Problem description
Leave the pictures out and write out exactly the lines from the top of the entries through the line containing "車貸計算機(貨款計算機器車貸款計算購房)? (http://www.tony-an.com/) 知識問答".

Records shown

-------------------------

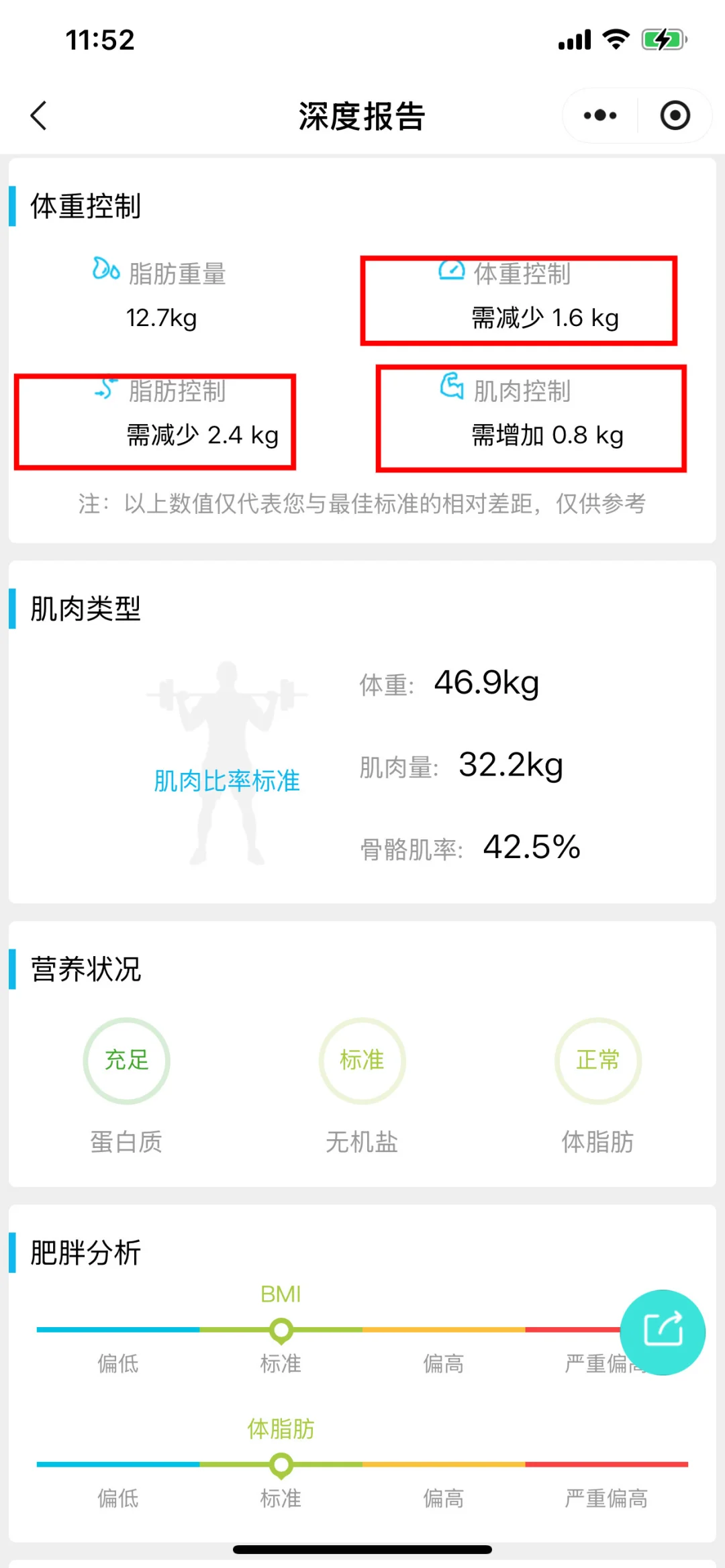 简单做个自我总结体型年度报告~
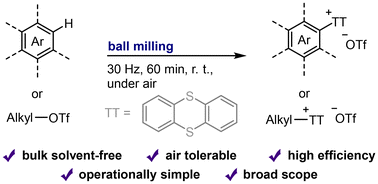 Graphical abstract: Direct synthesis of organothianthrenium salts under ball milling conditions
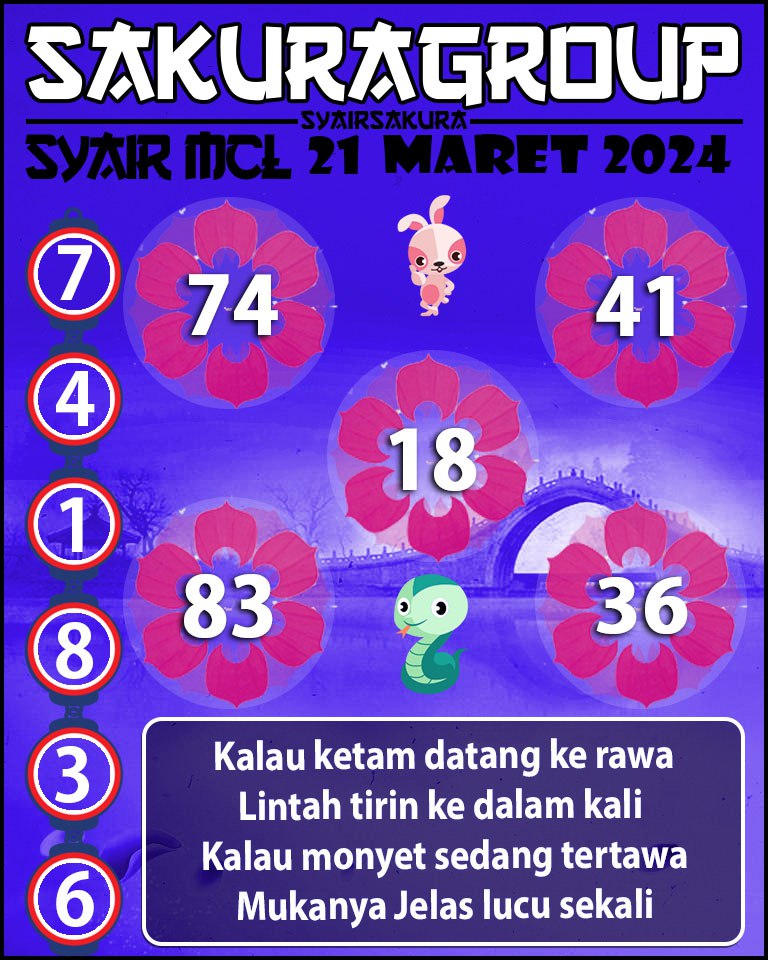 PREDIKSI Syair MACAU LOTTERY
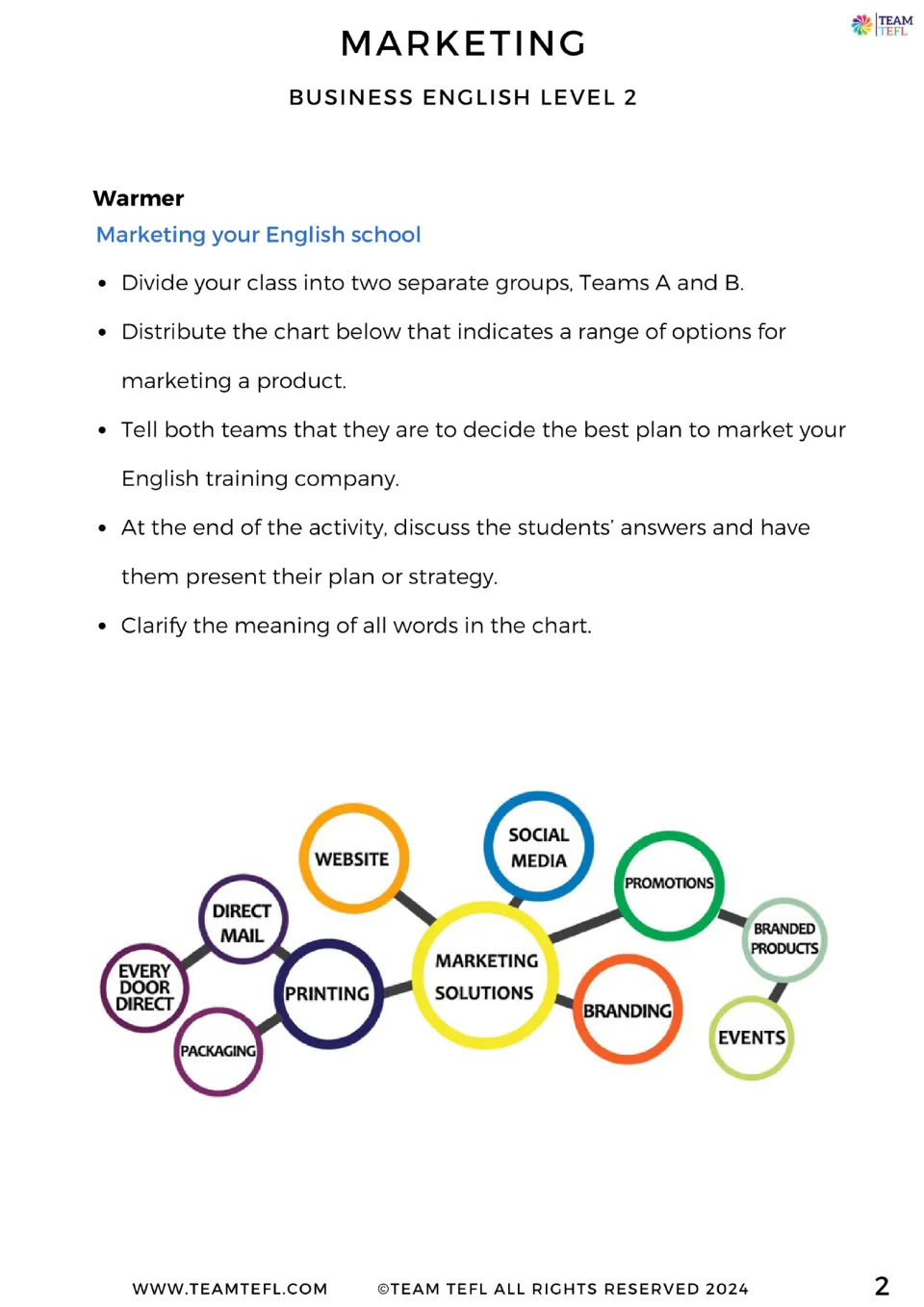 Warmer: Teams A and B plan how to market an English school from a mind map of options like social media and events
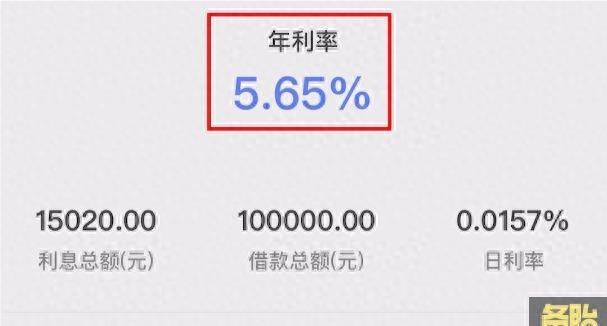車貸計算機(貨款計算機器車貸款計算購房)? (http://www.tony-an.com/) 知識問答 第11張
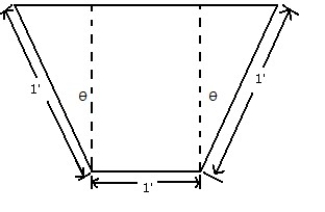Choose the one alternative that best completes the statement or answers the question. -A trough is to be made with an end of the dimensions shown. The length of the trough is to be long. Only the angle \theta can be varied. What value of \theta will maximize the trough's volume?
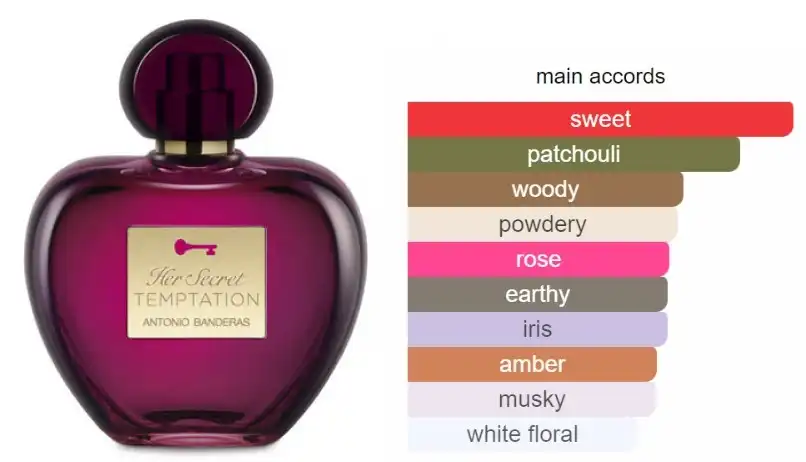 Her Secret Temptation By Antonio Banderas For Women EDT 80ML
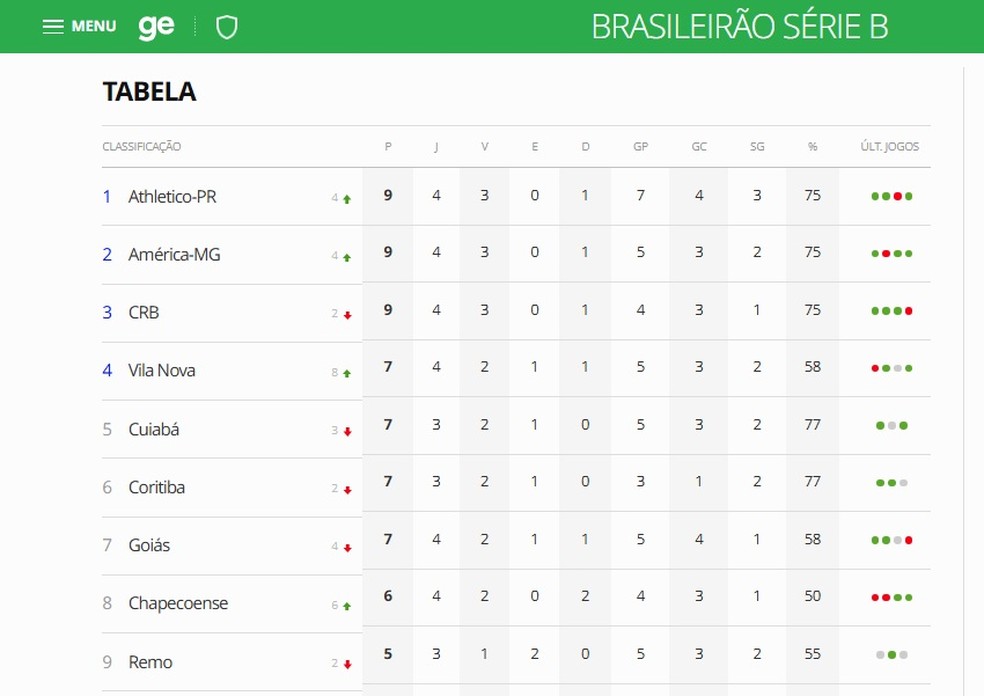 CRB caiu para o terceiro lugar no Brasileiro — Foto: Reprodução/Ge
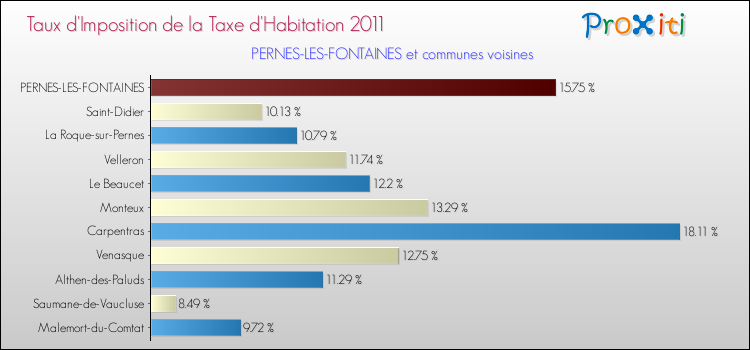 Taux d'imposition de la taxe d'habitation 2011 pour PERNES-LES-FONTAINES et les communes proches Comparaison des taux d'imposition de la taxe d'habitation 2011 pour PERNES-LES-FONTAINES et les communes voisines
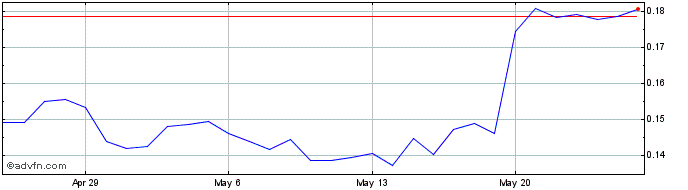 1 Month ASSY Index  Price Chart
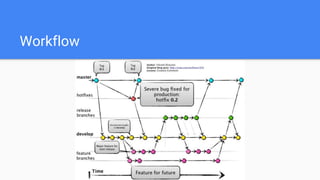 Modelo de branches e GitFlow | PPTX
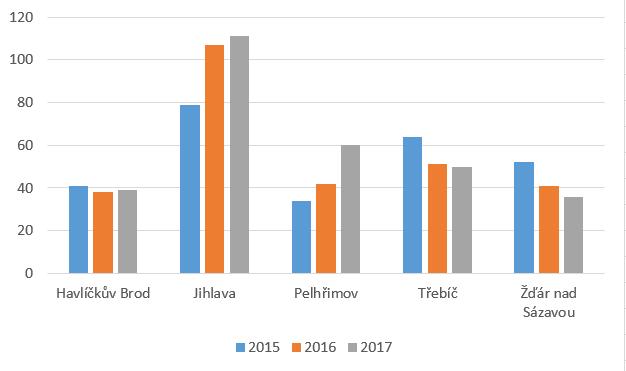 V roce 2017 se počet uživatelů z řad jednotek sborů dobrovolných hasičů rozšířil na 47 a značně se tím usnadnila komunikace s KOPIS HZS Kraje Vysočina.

-------------------------

Expected answer
 简单做个自我总结体型年度报告~
 Graphical abstract: Direct synthesis of organothianthrenium salts under ball milling conditions
 PREDIKSI Syair MACAU LOTTERY
 Warmer: Teams A and B plan how to market an English school from a mind map of options like social media and events
車貸計算機(貨款計算機器車貸款計算購房)? (http://www.tony-an.com/) 知識問答 第11張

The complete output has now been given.